I’ll admit it: I had low expectations for “M3GAN.” A film tackling the existential horror of AI technology, made by a middle-aged production team? This sort of movie doesn’t exactly have the best track record. (See “Nerve,” “Unfriended,” etc.) Add in the difficulty of balancing horror with comedy, and “M3GAN” seemed like a recipe for disaster. However, when I finally sat down to watch it in the theater, I was pleasantly surprised.
“M3GAN” follows tech developer Gemma (Allison Williams), a workaholic struggling to connect with her recently orphaned niece, Cady (Violet McGraw). When Gemma creates a lifelike android, M3GAN, to be a companion for the little girl, things quickly go awry as her mission to protect Cady at all costs takes a violent turn.
Beat for beat, it’s not a particularly original film. The “invention gone wrong” story can be traced back to Frankenstein, and it hasn’t changed much since then. However, its skillful use of comedy to critique the tech industry sets “M3GAN” apart. It taps into that existential dread we all have about being replaced by technology while simultaneously delighting in the schadenfreude of watching egotistical tech CEOs get murdered by their own inventions.

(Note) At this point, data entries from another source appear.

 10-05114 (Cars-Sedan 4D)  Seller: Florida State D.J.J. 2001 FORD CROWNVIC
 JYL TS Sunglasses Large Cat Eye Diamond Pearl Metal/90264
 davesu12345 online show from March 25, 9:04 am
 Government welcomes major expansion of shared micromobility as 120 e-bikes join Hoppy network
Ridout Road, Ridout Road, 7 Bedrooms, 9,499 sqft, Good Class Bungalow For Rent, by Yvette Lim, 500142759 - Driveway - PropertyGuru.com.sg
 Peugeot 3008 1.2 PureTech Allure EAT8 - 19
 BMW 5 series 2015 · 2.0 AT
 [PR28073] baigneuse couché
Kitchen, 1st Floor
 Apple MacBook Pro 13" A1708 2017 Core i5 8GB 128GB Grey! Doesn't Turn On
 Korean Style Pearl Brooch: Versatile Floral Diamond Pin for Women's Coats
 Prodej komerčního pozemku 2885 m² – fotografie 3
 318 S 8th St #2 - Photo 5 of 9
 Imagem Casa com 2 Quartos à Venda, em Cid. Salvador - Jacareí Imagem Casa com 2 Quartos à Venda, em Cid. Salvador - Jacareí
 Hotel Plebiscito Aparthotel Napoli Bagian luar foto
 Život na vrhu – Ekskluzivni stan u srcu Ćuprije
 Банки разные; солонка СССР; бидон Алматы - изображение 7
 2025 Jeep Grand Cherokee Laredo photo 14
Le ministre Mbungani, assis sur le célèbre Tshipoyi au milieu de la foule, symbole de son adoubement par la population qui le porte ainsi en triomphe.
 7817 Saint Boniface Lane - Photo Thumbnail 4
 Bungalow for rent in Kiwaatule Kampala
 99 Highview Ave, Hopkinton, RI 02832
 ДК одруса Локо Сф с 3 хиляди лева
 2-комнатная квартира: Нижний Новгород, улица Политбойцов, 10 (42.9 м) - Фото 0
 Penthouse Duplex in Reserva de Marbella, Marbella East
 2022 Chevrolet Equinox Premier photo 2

Additionally, the film is gloriously gory. Because M3GAN’s defining character trait is her lack of humanity, she mechanically and methodically racks up a sizable kill count. The viewer understands that a human villain isn’t committing these vile actions, which means the film doesn’t have to tackle that classic quandary that bogs so many horror stories down: Are humans inherently evil? “M3GAN” is uninterested in answering this question, which allows for the deaths to get bloodier and bloodier without the tone becoming too serious.
A few excellent performances breathe life into the already strong story. Child actors are notoriously bad in horror, but McGraw brings a surprising emotional depth to the character of Cady, and Jenna Davis as the voice of M3GAN perfectly straddles the line between youthful innocence and computerized inhumanity. It is Williams, though, who steals the show. Gemma is a dynamic character who changes a lot over the course of the film, and Williams’ subtle performance makes this development feel natural and believable.
Another of the film’s strongest points is its CGI, and not for the reason you might expect. It most definitely doesn’t look photorealistic (more Marvel Cinematic Universe: Phase Four than “Avatar: The Way of Water”), but by falling into the uncanny valley, the CGI contributes to the unsettling atmosphere. The subtle differences between M3GAN and the other characters are a major theme of the film, and conveying this visually spares the viewers from having this explained in expositional dialogue.
“M3GAN” has something to offer everyone: If you are a horror newbie, the humor will provide a sense of levity that keeps you from getting too scared. If you’re a megafan, there are enough gory deaths and references to iconic horror franchises to keep you hooked. Because I highly recommend checking the film out for yourself, I won’t spoil the ending, but let me just say this: After seeing the final shot, you’ll want to take a baseball bat to all of your electronics. For a film about the horrors of technology, I think that is pretty much the highest praise possible.